Even if it was and if they were, I’m sure they were hard-working, tax-paying folks. In anger, I thought, why didn’t those lousy agents first arrest the criminal ilegales element? Ah, such is the unfairness of life.
Back in New York I worked for the NYC Human Resources Administration as a consultant. This job required me to travel and visit various organizations funded by NYC in all the five boroughs. One day walking along on a main drag on Brooklyn’s Montague Street, I came to a quick stop when I saw a Mexican restaurant. It was on a lower level. I checked the menu. Yes, tamales. It was a nice place run by a Mexican family.
Every time I went to Brooklyn, that was a must-stop-off place. Then one day, you guessed it, the place was shuttered. Que pasa? Was it again possibly the lousy immigration authorities? Woe is me.

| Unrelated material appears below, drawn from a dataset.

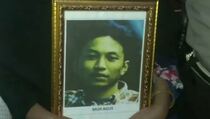 Tangis Keluarga Sambut Kedatangan Jenazah Korban Penembakan di Nduga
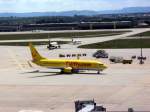 Boeing 737-800 der Tuifly rollt in Stuttagrt zur Abstellposition. 30.05.2007.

Anyway, I consoled myself to going back to canned tamales. I went to four or five different supermarkets but no canned tamales. I began to wonder if all this was a conspiracy against me by some sinister anti-tamale terrorista underground. Was there no hope?
There were short-lived ones. I noticed a chain of Chipotle Mexican Grill and checked the menu, but no tamales. Then one day, walking down in the East Village section, I spotted a Mexican restaurant. I was suspicious. They didn’t look Mexican. And besides, their tamales didn’t taste like it either. It was like buying frozen tamales from a place like Trader Joe’s and cooking it at home. But this time it was a joy to later know that the faux joint went out of business.
Was there no hope? Is this the end? Then I thought maybe, just maybe, there’s one more hope for as the saying goeth, “Things that go around come around.” And so I shouteth: “HEY, MARIO! Por favor. Cual es el mejor sitio en Los Angeles para conseguir los mejores tamales? Muchos gracias. Vaya con Dios, mi amigo.
Stanley Kanzaki writes from New York. Opinions expressed in this column are not necessarily those of The Rafu Shimpo.